Managing innovative teams requires a balancing act. While sharing resources like software improves efficiency, it creates blind spots. Leaders should intentionally foster independent 'splinter groups' to work on the same problem, ensuring critical comparisons can be made to uncover hidden errors.
Rather than relying on formal knowledge sharing, Alphabet's X embeds central teams (like legal, finance, prototyping) that float between projects. These individuals become natural vectors, carrying insights, best practices, and innovative ideas from one project to another, fostering organic knowledge transfer.
To balance AI hype with reality, leaders should create two distinct teams. One focuses on generating measurable ROI this quarter using current AI capabilities. A separate "tiger team" incubates high-risk, experimental projects that operate at startup speed to prevent long-term disruption.
We gain 20 IQ points advising others but lose 20 advising ourselves. 'Deep sparring'—collaborative problem-solving with trusted peers—leverages this effect. A few hours of this per quarter provides outside perspective that can break through personal biases more effectively than weeks of isolated work.
While traditionally creating cultural friction, separate innovation teams are now more viable thanks to AI. The ability to go from idea to prototype extremely fast and leanly allows a small team to explore the "next frontier" without derailing the core product org, provided clear handoff rules exist.
To innovate quickly without being bogged down by technical debt, portfolio companies should ring-fence new AI development. By outsourcing it and treating it as a separate "skunk works" project, the core tech team can focus on existing systems while the new initiative succeeds or fails on its own merits.
Afeyan advises against making breakthrough innovation everyone's responsibility, as it's unsustainable and disruptive to daily jobs. Instead, companies should create a separate group with different motivations, composition, and rewards, focused solely on discontinuous leaps.

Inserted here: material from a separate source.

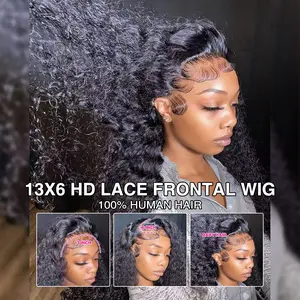 40 Inch Deep Wave Lace Front Wigs Human Hair 13x6 HD Transparent Deep Curly Lace Frontal Wigs 180% Density Glueless Wigs Human Hair pre Plucked with Baby Hair Natural Color Honey Blonde 4/27 99j Burgundy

To ensure rigorous vetting of ideas, create an environment of friendly competition between teams. This structure naturally motivates each group to find flaws in the other's thinking, a process that might be socially awkward in a purely collaborative setting. The result is a more robust, error-checked outcome.
Stripe's Experimental Projects Team discovered that embedding its members directly within existing product and infrastructure teams leads to higher success rates. These "embedded projects" are more likely to reach escape velocity and be successfully adopted by the business, contrasting with the common model of an isolated R&D or innovation lab.

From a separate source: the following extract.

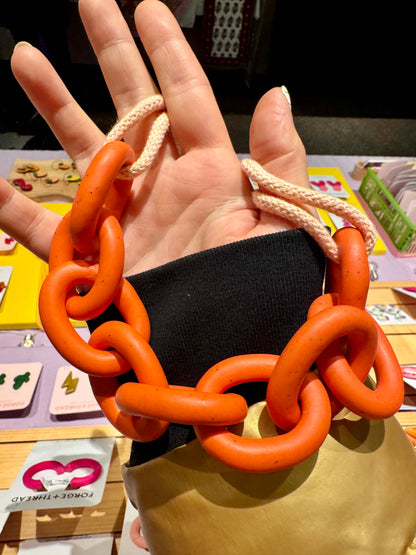 ORANGE SPECKLE CHUNKY LINK NECKLACE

To ensure effectiveness, new government tech talent shouldn't be scattered individually across agencies. Instead, they must be deployed as self-contained teams focused on specific projects. This strategy prevents them from being absorbed and neutralized by existing bureaucracy, allowing them to maintain momentum and achieve their objectives.
The traditional "assembly line" model of product development (PM -> Design -> Eng) fails with AI. Instead, teams must operate like a "jazz band," where roles are fluid, members "riff" off each other's work, and territorialism is a failure mode. PMs might code and designers might write specs.